A Life Sentence.
When I found I had Celiac, all I could think of were the many things I could not have. No bread, crackers, cupcakes, or bagels. How could life go on? Gradually, I learned how to cook with rice instead of noodles. I’d eat a potato instead of bread. Instead of a sandwich, I would put my sandwich fixins in a salad. And every time I went to the store, I would look longingly at the bakery aisle. More than anything else, the bread and bagels were calling my name. Life as I knew it was over.
Then I found the breads in the gluten free aisle… well, as you know, it isn’t really an aisle, only a few feet dedicated to sugar free, diabetic, and the gluten challenged.
I broke down and traded my week’s paycheck for a loaf of bread. One slice and I swore I’d never try anything like that again. It was heavier than my father’s fishing lures. Woe is me.
Time passed. I thought I’d give it one more try. Another week’s paycheck traded for a loaf of gluten free bread. …I had bought something I wouldn’t wish on my worst enemy. Maybe I’d hit him over the head with it, but I’d never feed it to him.

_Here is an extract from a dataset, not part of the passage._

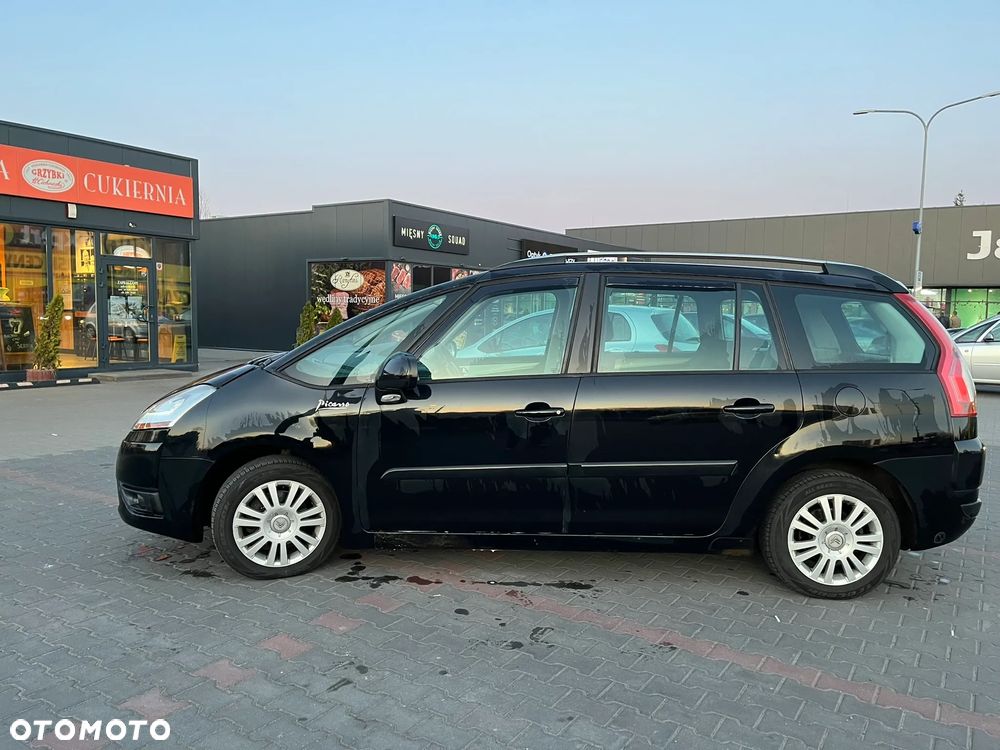 Citroën C4 Grand Picasso 1.8 16V Style - 5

Time passed. A friend told me about Udi’s. My thought was no, I’d already traded most of my life’s savings on different inedible gluten free products. I knew I’d never be happy again. Then, in a moment of weakness, I was desperate for something bread like. I knew I wouldn’t like it. Maybe I could dry it and use it for bread crumbs. I was given a coupon and I took a chance.
It was like the sun coming out after a heavy rain. A moist, light, good tasting bread! I felt rainbows of happiness. UDIs. Heaven!